Does yours look like this?

http://www.lancasterarchery.com/range-o-matic-rigid-formaster.html


----------



## Sneezy (Dec 4, 2012)

Following


----------



## bobnikon (Jun 10, 2012)

Lots of threads on how to make them. I used an old cotton belt (softer on the arm than the nylon webbing), a grommet and some paracord. You can also use a length of surgical tubing to give it some flex like the non-rigid model.
Cheers


----------



## hoytshooter15 (Aug 13, 2012)

Dacer said:


> Does yours look like this?
> 
> http://www.lancasterarchery.com/range-o-matic-rigid-formaster.html


Nope, not even close. Pics will be up tomorrow.


----------



## hoytshooter15 (Aug 13, 2012)

anmactire said:


> Long as it doesn't break or cause injury, I'd say fair play! I've seen a lot of tools sold online meant for archery use, that you can get identical elsewhere for far less. This isn't one of those things, so if you've got a similar tool for far less cash you're definitely using your head.


Yes like I said, the one I have made cost $10 to get supplies and fabricate. So certainly cheaper/


----------



## hoytshooter15 (Aug 13, 2012)

Elbow strap works but is very uncomfortable, I have made a new one out of a soft fluffy but no stretchy fabric, pics will be up soon.


----------



## hoytshooter15 (Aug 13, 2012)

OK I got one small problem, the best design I have found for the arm piece is partially made out of a soft nylon cord. (Thick enough that it doesn't hurt you when put under tension) And you adjust it by pulling one end through a type hitch knot. However, the problem is when put under tension, it pulls back through the knot... Does anyone know of a knot that allows loosening and tightening adjustment, but wont slip under the tension of the bow? Or is there some kind of device made for this purpose?


----------



## Dacer (Jun 10, 2013)

Ill help but I want 49% of the company if it goes big.


----------



## hoytshooter15 (Aug 13, 2012)

Dacer said:


> Ill help but I want 49% of the company if it goes big.


Hahaha right.


----------



## hoytshooter15 (Aug 13, 2012)

Still need a knot that will allow loosening and tightening adjustment but wont slip under tension, anyone know one?


----------



## julle (Mar 1, 2009)

hoytshooter15 said:


> Still need a knot that will allow loosening and tightening adjustment but wont slip under tension, anyone know one?

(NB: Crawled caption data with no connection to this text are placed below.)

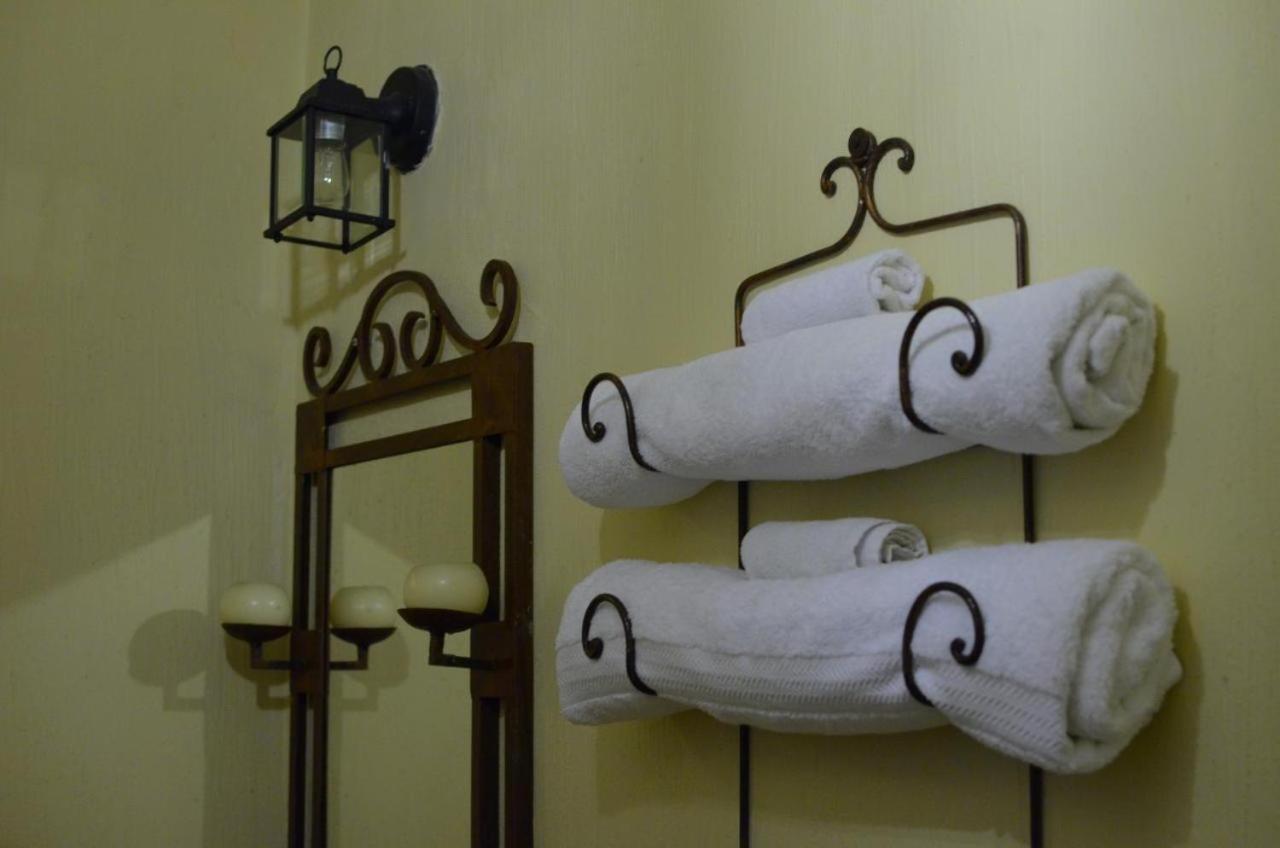 Hotel Boutique Tierra Magica تيكيلا المظهر الخارجي الصورة
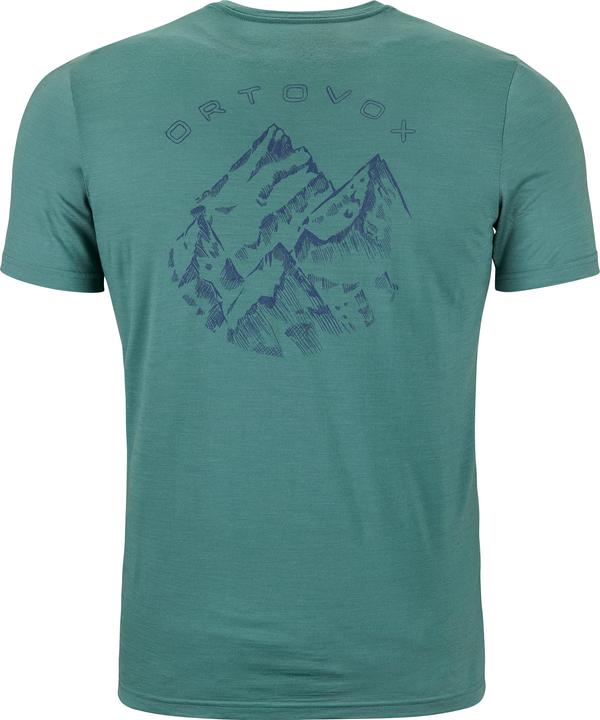 Produktbild Ortovox 150 COOL BALLPEN TS (XL)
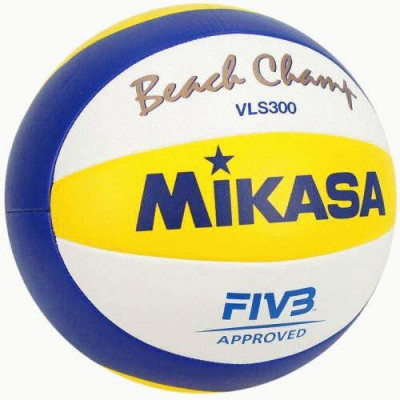 М'яч волейбольний MIKASA VLS300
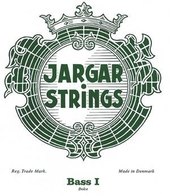 JARGAR DOUBLE BASS STRINGS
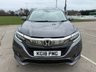 USED 2019 18 HONDA HR-V 1.5 i-VTEC EX SUV 5dr Petrol CVT Euro 6 (s/s) (130 ps) MOT FEB 2027,  HEATED LEATHER
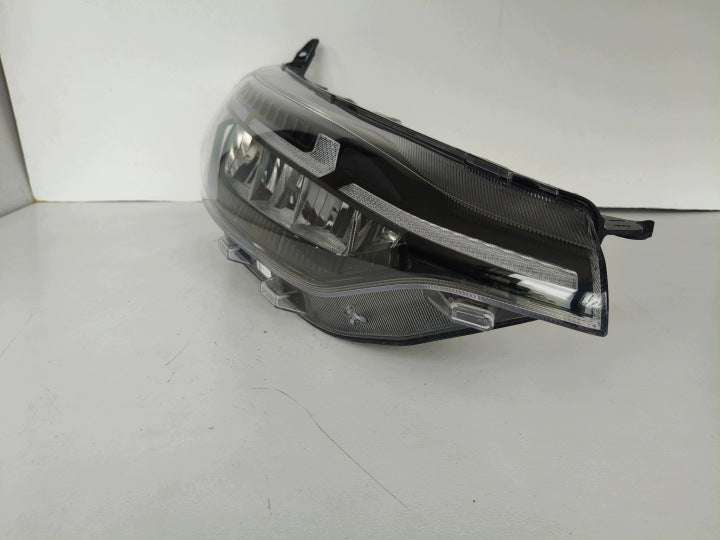 Frontscheinwerfer Ford Transit Custom PZ31-13E014-CB Rechts Headlight SCH8176204689rr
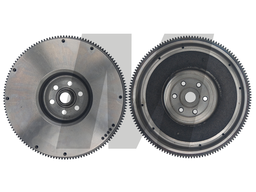 VOLANTE MOTOR MWM X-10 325 MM. (138 DIENTES)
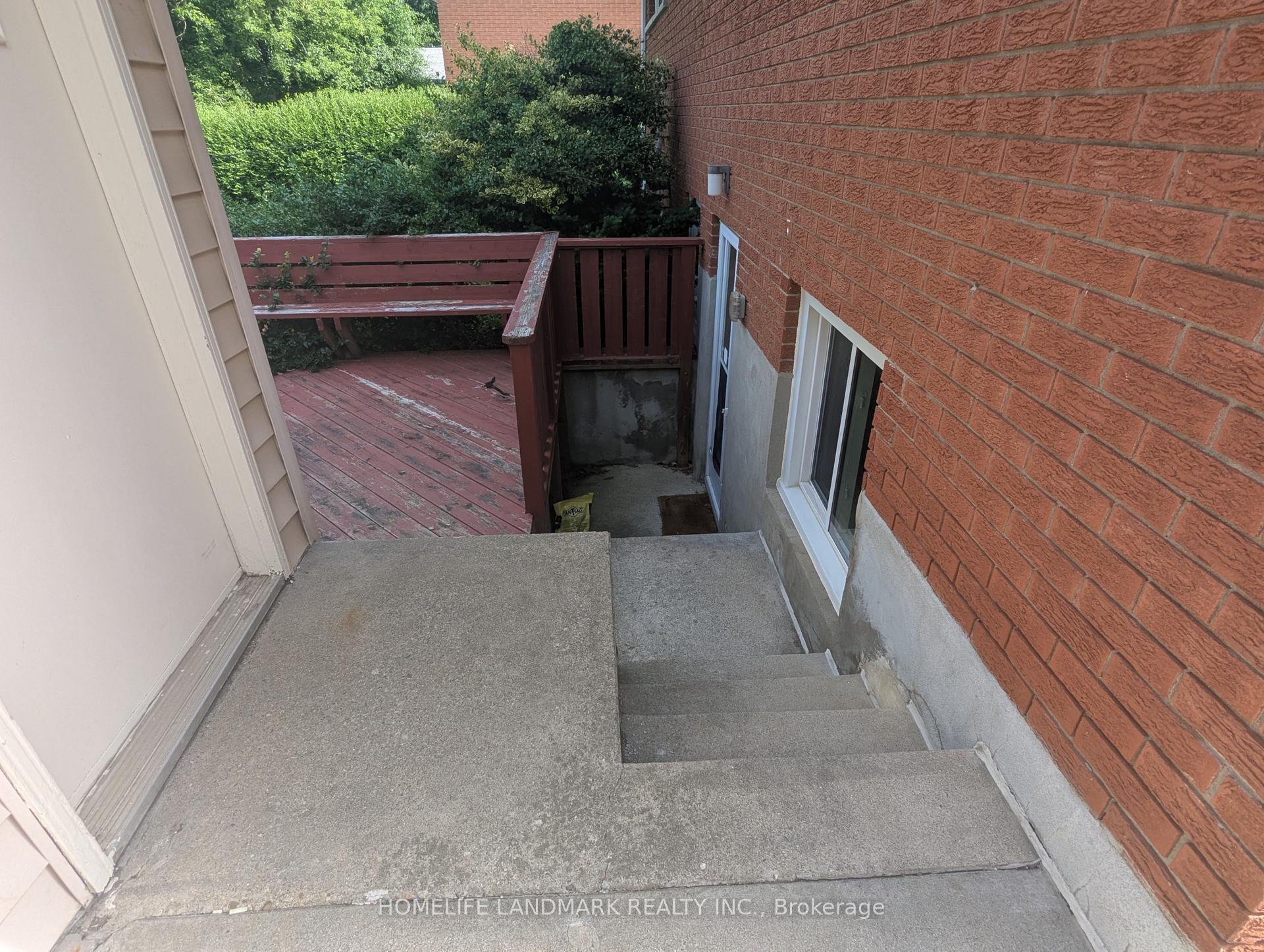 Photo 1 of Unit Lower, 195 Carter Avenue, Waterloo, Downtown Waterloo — HOMEH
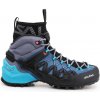 Dámska treková obuv WS Wildfire Edge Mid GTX W 61351-8975 - Salewa EU 35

On mine i use one of these,







It might not look to fancy but it works and it doesn't hurt like you would suppose it does.


----------



## hoytshooter15 (Aug 13, 2012)

julle said:


> On mine i use one of these,
> View attachment 1713282
> 
> It might not look to fancy but it works and it doesn't hurt like you would suppose it does.


Thanks but I dug out my old boy scout book and found the Taut Line knot. It's just what I needed!


----------



## limbwalker (Sep 26, 2003)

Oh for God's sake don't use U-bolts. The first thing I do when I get in an archer's Formaster is remove the u-bolt and throw it away so the kid can never put it back on the device. 

We take the cord, wrap it three times around the bolt shank in the nylon webbing, and tie an overhand knot. If you wrap it three times, even an overhand knot is secure enough, and it's easy to untie and adjust.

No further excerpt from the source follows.